* [What you are asked to do] Only the pictures are dropped. Restate each line below word for word.

Crawled caption data:
== == ==
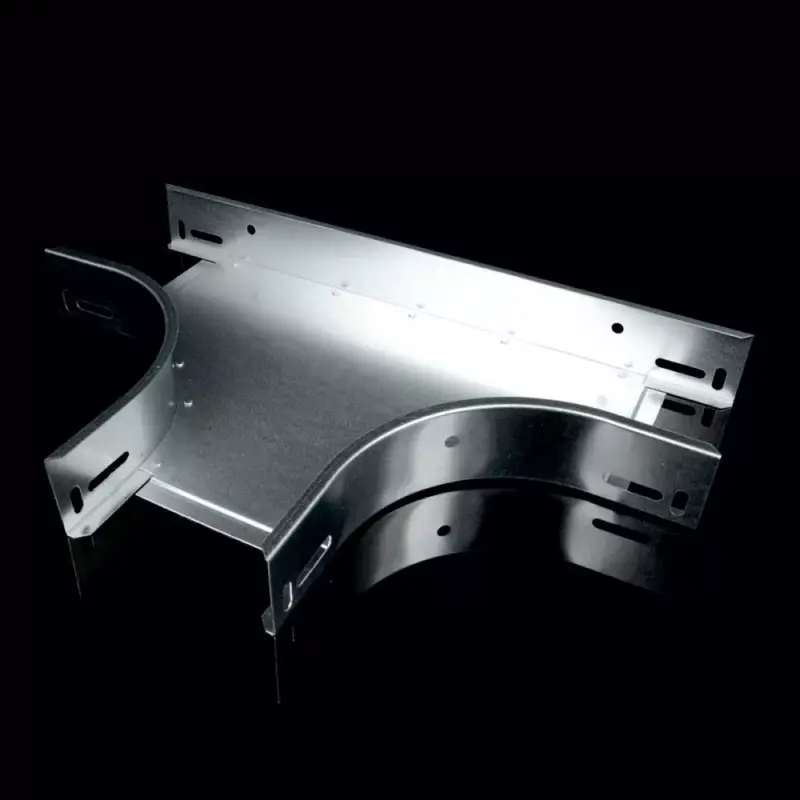 KOPOS T-idom 250x100mm kábeltálcához E90, horganyzott, NT 100X250_S Kiárusítás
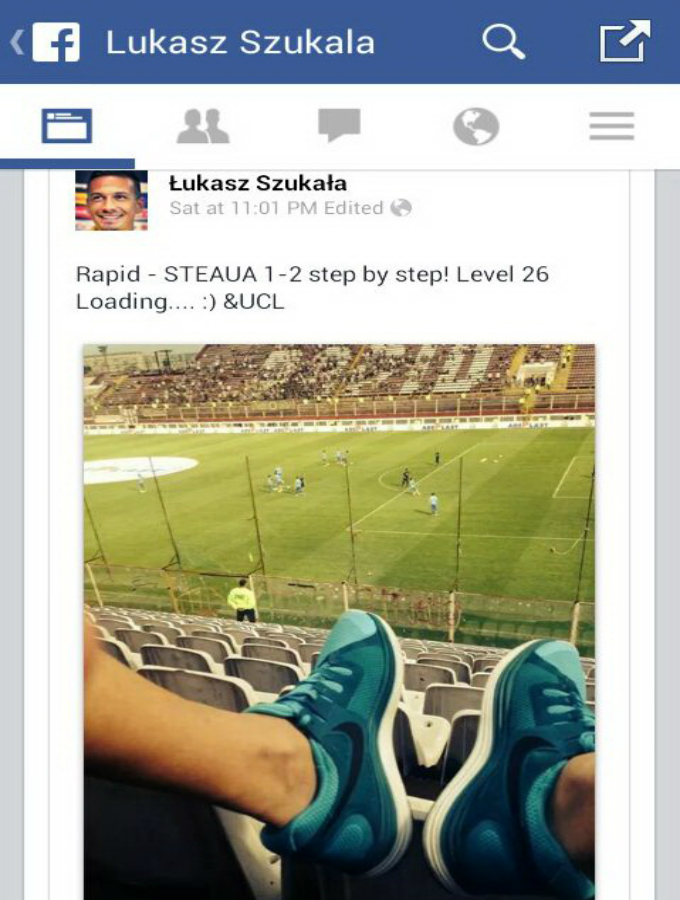 Szukala a avut oferta din Rusia, insa a preferat sa ramana la Steaua pentru a castiga un nou titlul de campion al Romaniei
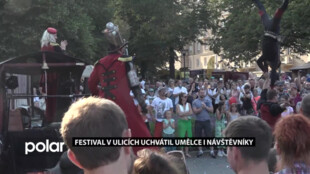 Festival v ulicích letos přivítal rekordní počet návštěvníků a nabídl nezapomenutelný zážitek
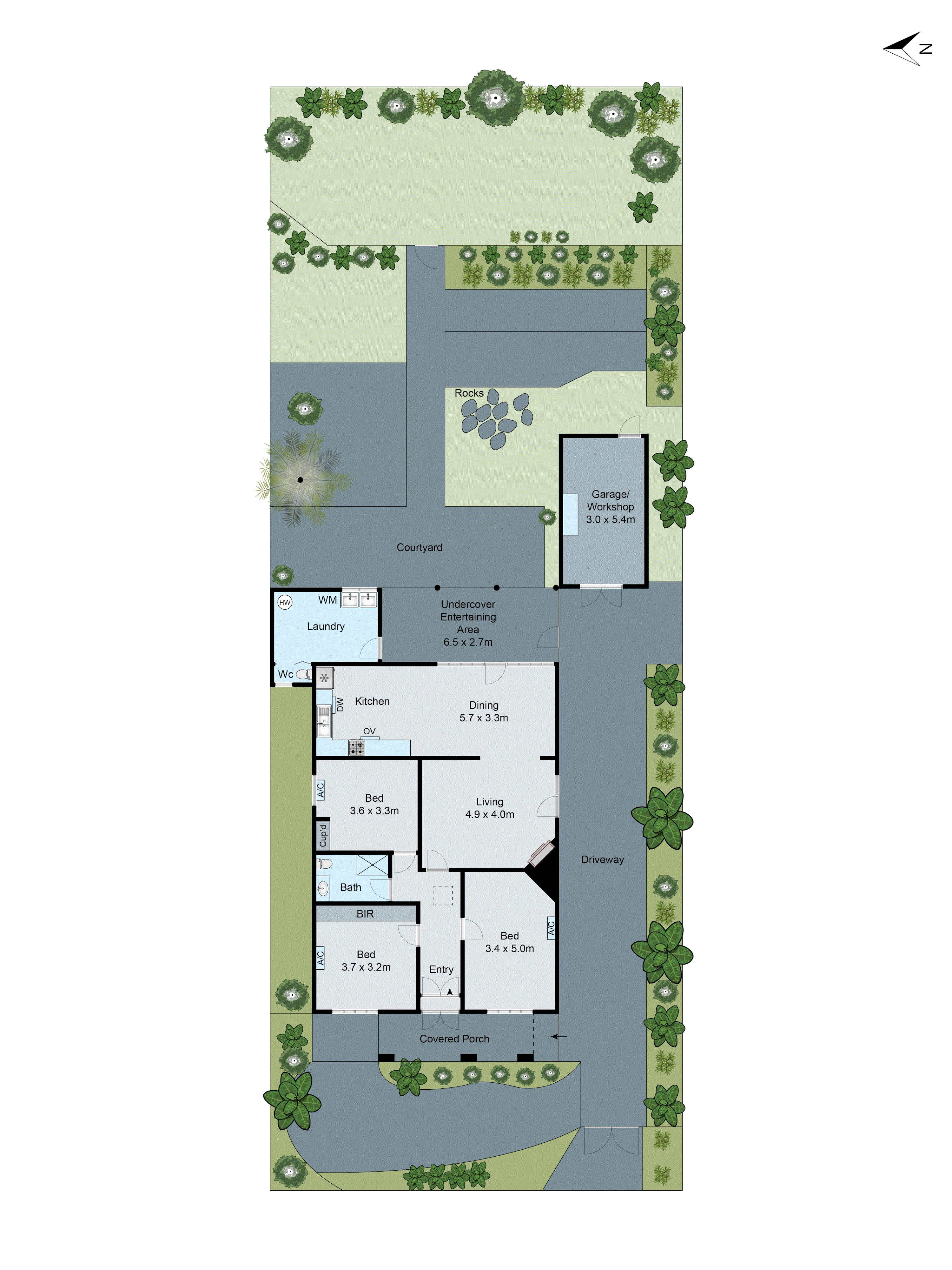 4 Canterbury Street, Hughesdale VIC 3166 - Floorplan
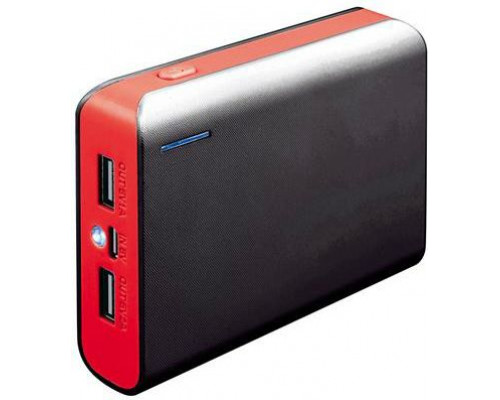 Platinet LED 6000mAh Black-red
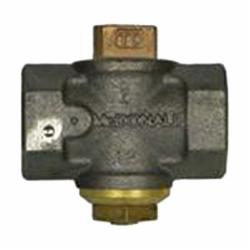 A.Y. McDonald 10685B 1 1/2 Iron Flathead Gas Plug Valve, 1-1/2 inch, FNPT x FNPT, 175 psi, 5/Carton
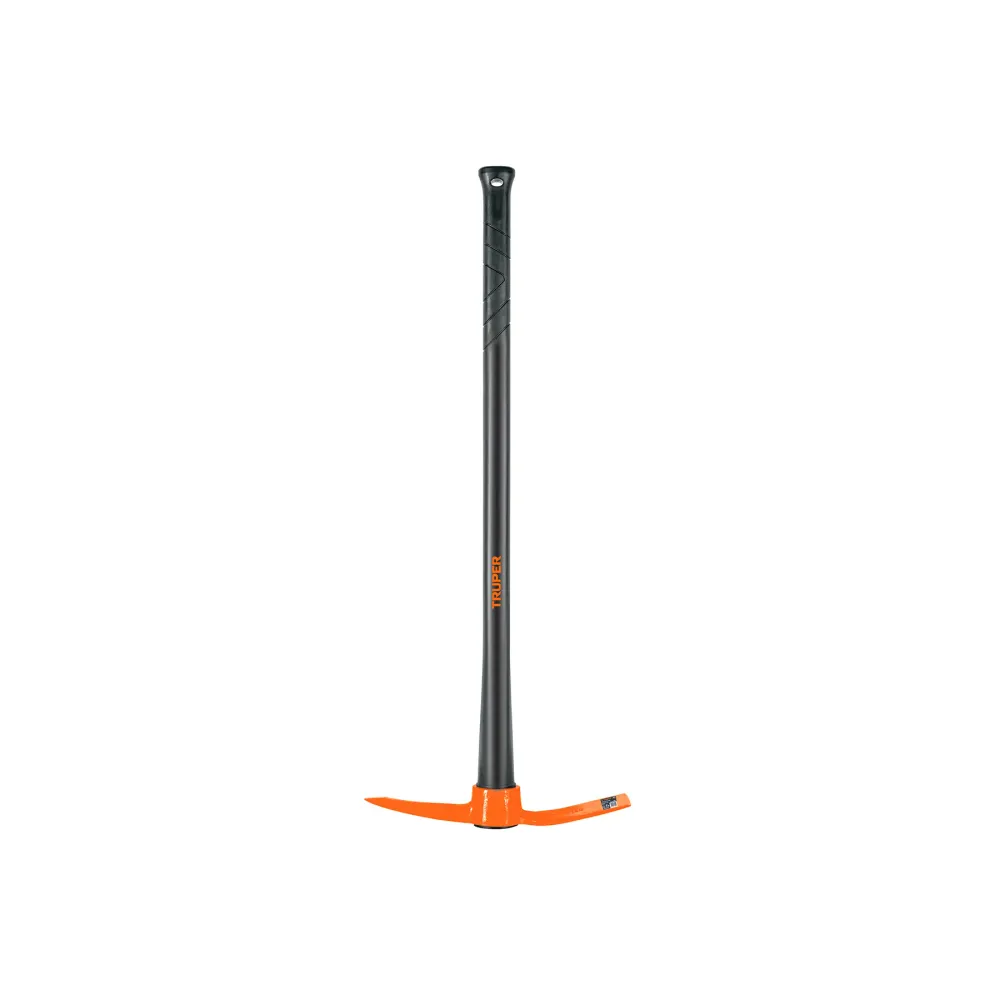 Talacho-Pico 2.5 Lb, Mango Fibra De Vidrio 36", Truper 18631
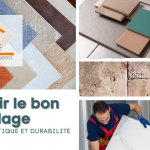 Trouvez le carrelage idéal pour votre salle de bain entre esthétique et durabilité avec La Maison Des Travaux de Vesoul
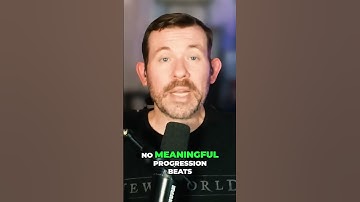 Deze leveling grind zal de as van de schepping vernietigen...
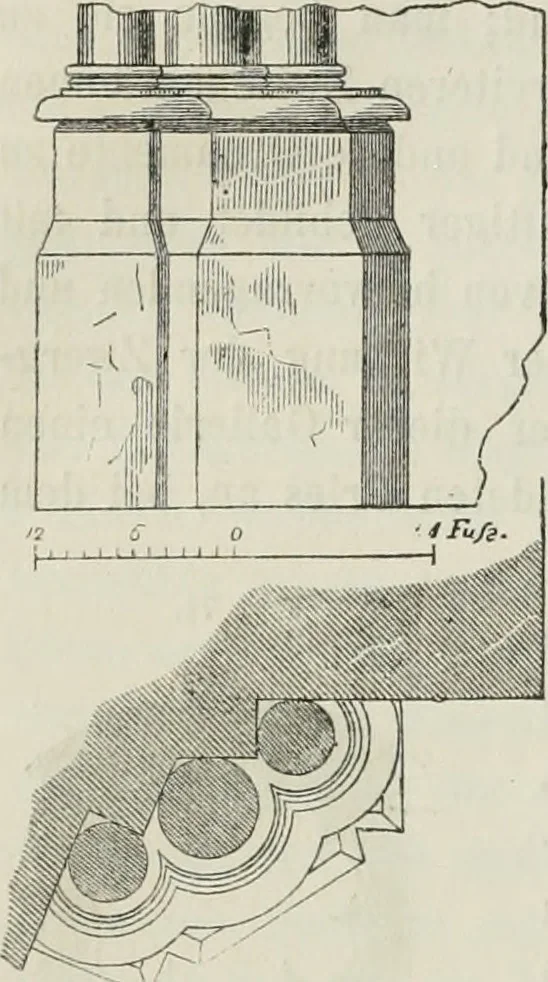 An illustration from Geschichte der bildenden Künste .., 1866, leaf 265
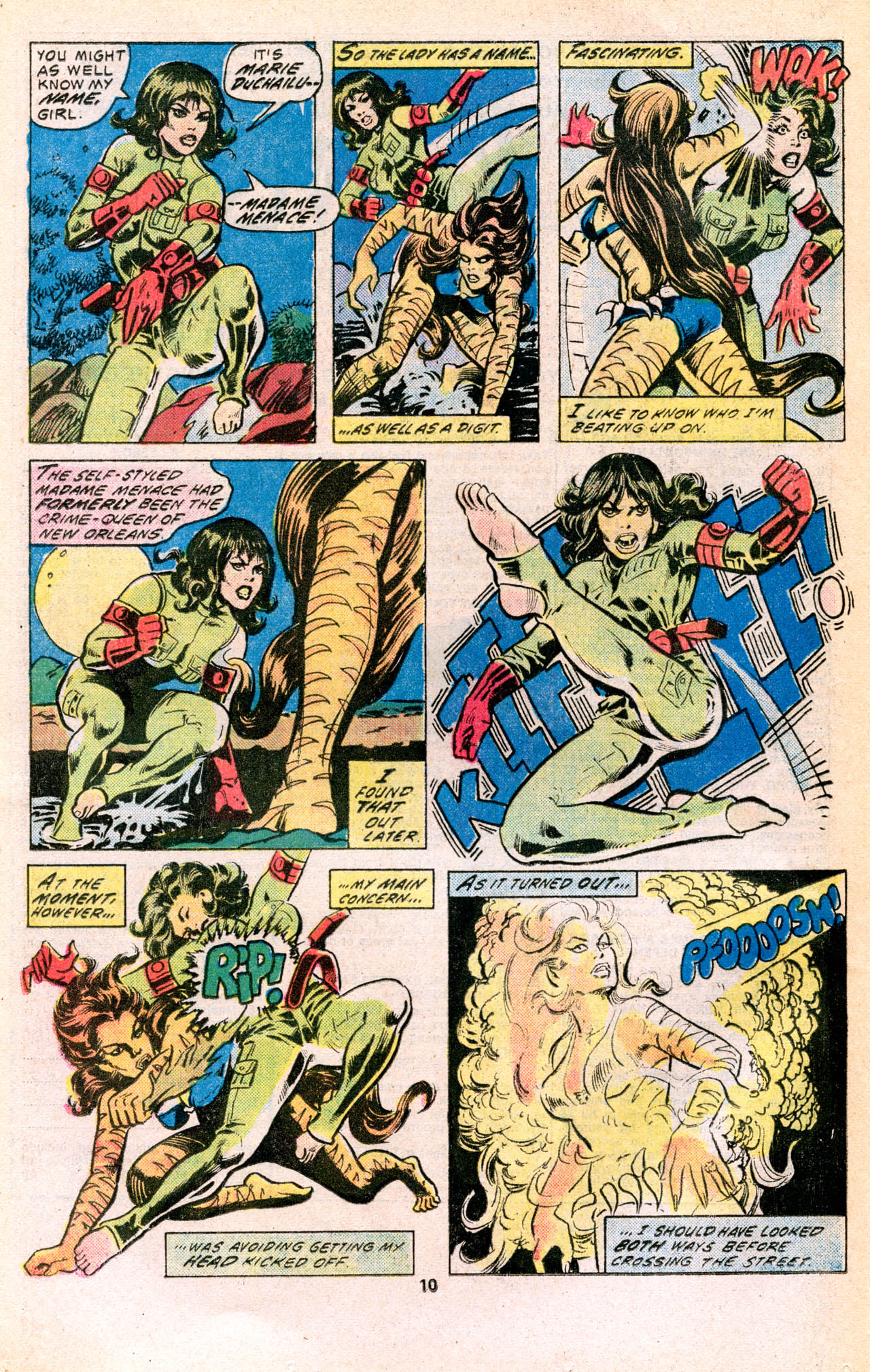 Read online Marvel Chillers comic -  Issue #5 - 12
== == ==
* [Exercise output]
 KOPOS T-idom 250x100mm kábeltálcához E90, horganyzott, NT 100X250_S Kiárusítás
 Szukala a avut oferta din Rusia, insa a preferat sa ramana la Steaua pentru a castiga un nou titlul de campion al Romaniei
 Festival v ulicích letos přivítal rekordní počet návštěvníků a nabídl nezapomenutelný zážitek
 4 Canterbury Street, Hughesdale VIC 3166 - Floorplan
 Platinet LED 6000mAh Black-red
 A.Y. McDonald 10685B 1 1/2 Iron Flathead Gas Plug Valve, 1-1/2 inch, FNPT x FNPT, 175 psi, 5/Carton
 Talacho-Pico 2.5 Lb, Mango Fibra De Vidrio 36", Truper 18631
 Trouvez le carrelage idéal pour votre salle de bain entre esthétique et durabilité avec La Maison Des Travaux de Vesoul
 Deze leveling grind zal de as van de schepping vernietigen...
 An illustration from Geschichte der bildenden Künste .., 1866, leaf 265
 Read online Marvel Chillers comic -  Issue #5 - 12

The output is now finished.